··· The data

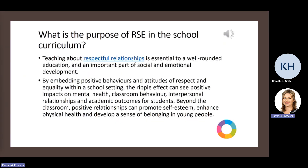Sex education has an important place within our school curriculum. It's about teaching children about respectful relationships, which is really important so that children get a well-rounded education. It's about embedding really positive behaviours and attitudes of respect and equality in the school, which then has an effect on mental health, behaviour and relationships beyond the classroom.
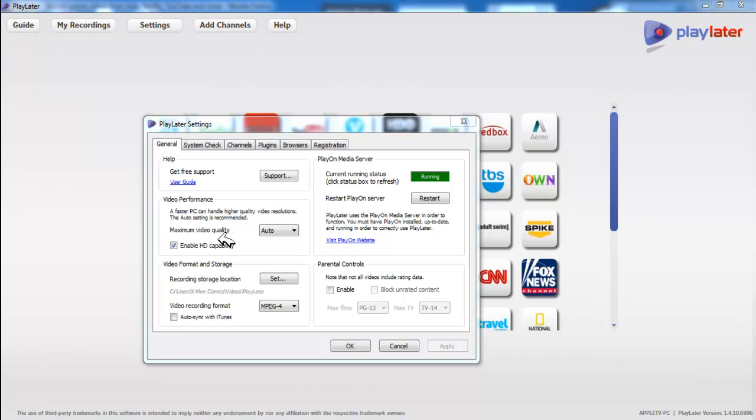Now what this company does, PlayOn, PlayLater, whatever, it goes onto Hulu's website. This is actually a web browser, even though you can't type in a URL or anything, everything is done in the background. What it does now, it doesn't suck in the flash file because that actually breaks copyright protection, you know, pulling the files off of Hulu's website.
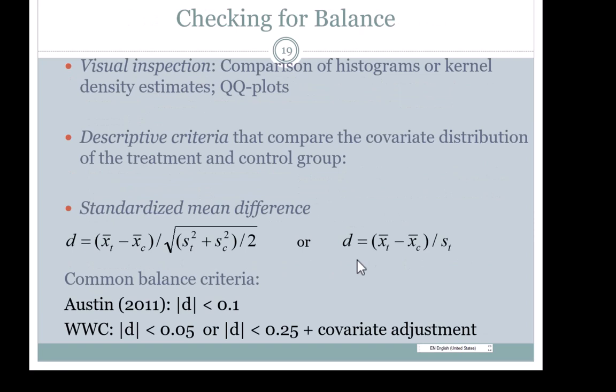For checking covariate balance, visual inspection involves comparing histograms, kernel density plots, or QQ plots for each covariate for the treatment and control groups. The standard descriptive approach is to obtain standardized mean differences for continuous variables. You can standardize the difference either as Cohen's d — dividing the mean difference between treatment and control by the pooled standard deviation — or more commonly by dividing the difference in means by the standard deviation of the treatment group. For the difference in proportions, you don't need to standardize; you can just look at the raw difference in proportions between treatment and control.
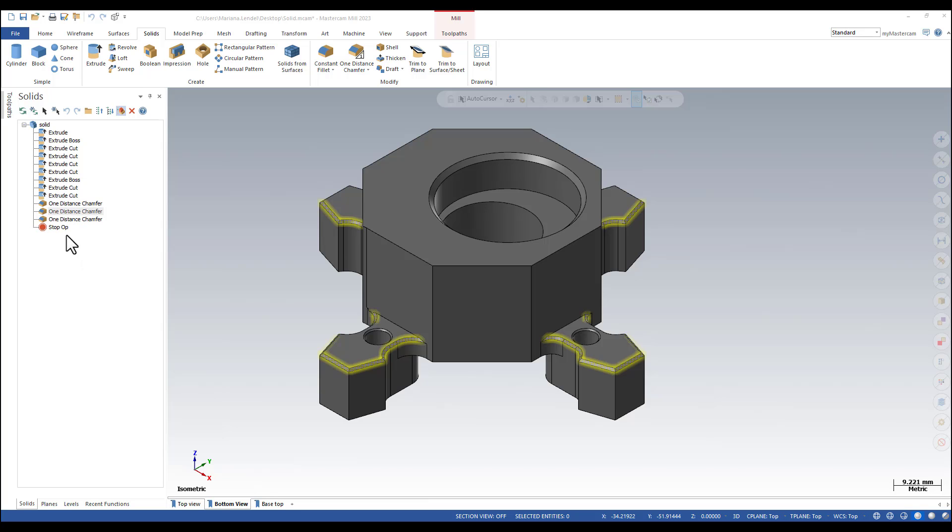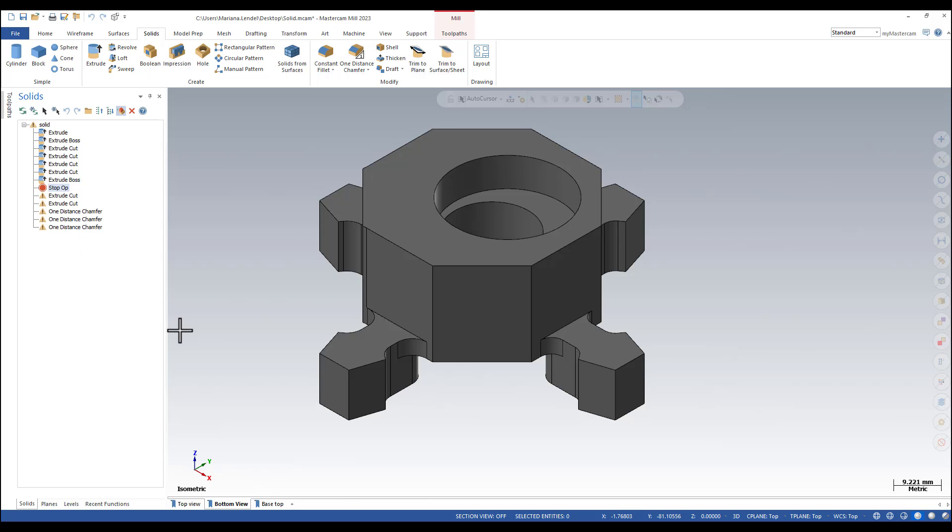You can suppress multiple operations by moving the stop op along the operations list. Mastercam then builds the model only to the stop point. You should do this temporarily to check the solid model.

······
··· The data

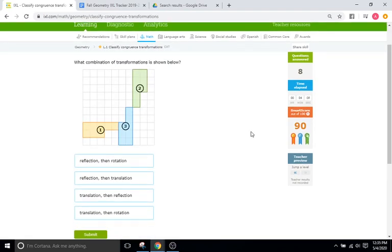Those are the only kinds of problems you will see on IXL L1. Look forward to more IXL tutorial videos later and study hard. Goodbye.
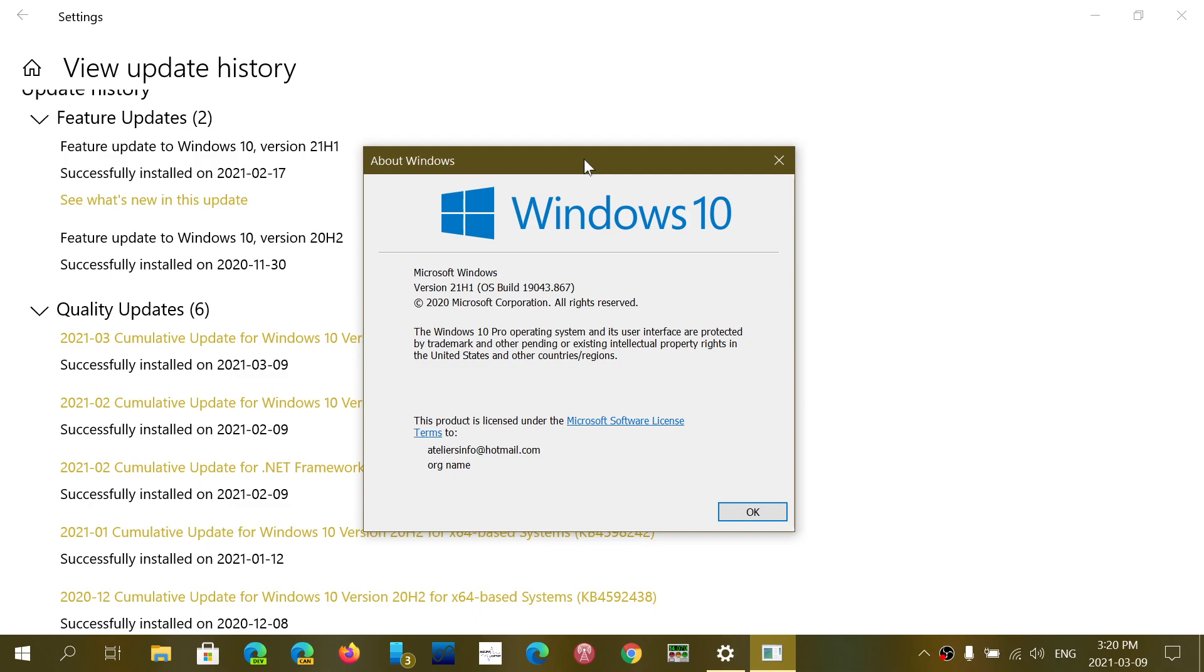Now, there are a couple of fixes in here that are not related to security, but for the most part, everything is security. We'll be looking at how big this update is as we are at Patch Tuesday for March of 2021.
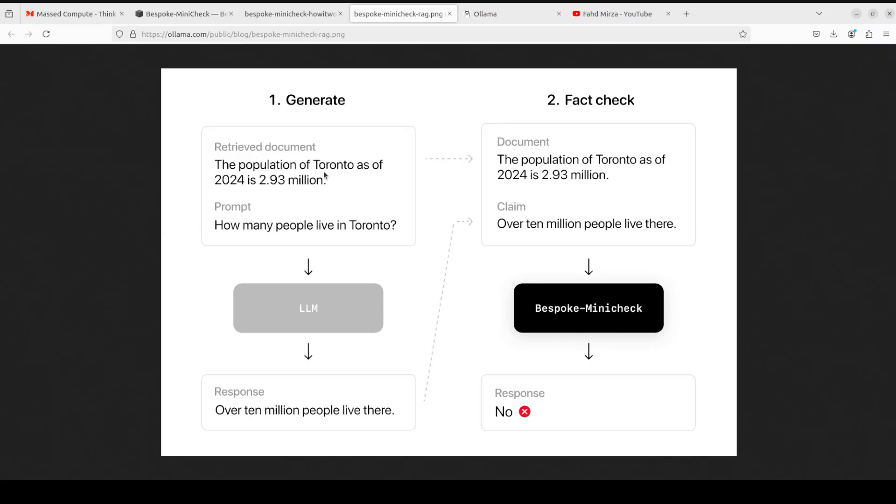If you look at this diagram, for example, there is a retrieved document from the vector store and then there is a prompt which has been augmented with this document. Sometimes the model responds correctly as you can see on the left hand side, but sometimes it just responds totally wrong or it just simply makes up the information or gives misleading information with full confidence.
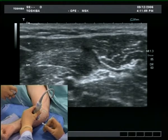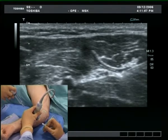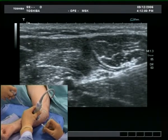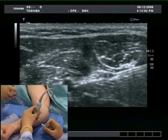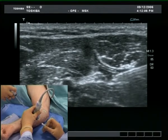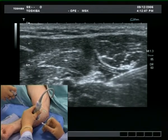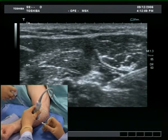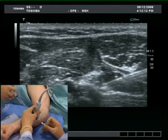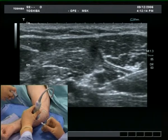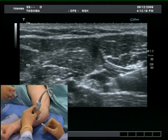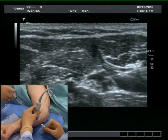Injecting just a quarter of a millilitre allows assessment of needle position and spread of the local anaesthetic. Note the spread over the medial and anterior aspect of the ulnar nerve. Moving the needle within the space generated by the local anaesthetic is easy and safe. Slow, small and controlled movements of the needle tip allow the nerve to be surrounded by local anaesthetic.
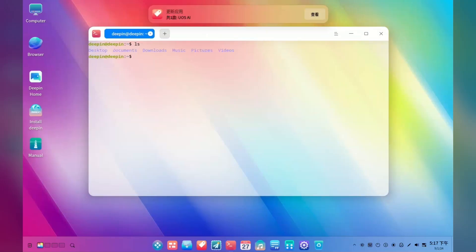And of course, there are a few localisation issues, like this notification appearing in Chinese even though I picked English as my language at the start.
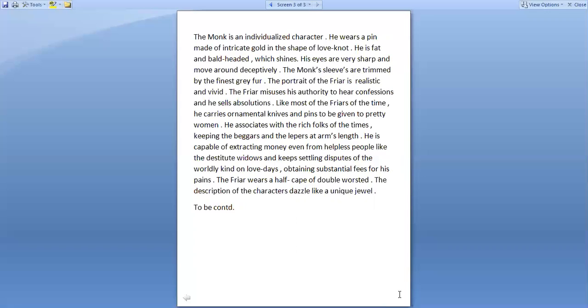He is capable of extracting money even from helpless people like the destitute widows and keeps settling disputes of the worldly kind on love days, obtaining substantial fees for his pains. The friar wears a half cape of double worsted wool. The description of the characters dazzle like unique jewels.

······

Your task
After locating the line containing "And of course, there" in the entries above, return it and every line after it exactly, ending at the line containing "He is capable", without pictures.

Result below
And of course, there are a few localisation issues, like this notification appearing in Chinese even though I picked English as my language at the start.
He is capable of extracting money even from helpless people like the destitute widows and keeps settling disputes of the worldly kind on love days, obtaining substantial fees for his pains. The friar wears a half cape of double worsted wool. The description of the characters dazzle like unique jewels.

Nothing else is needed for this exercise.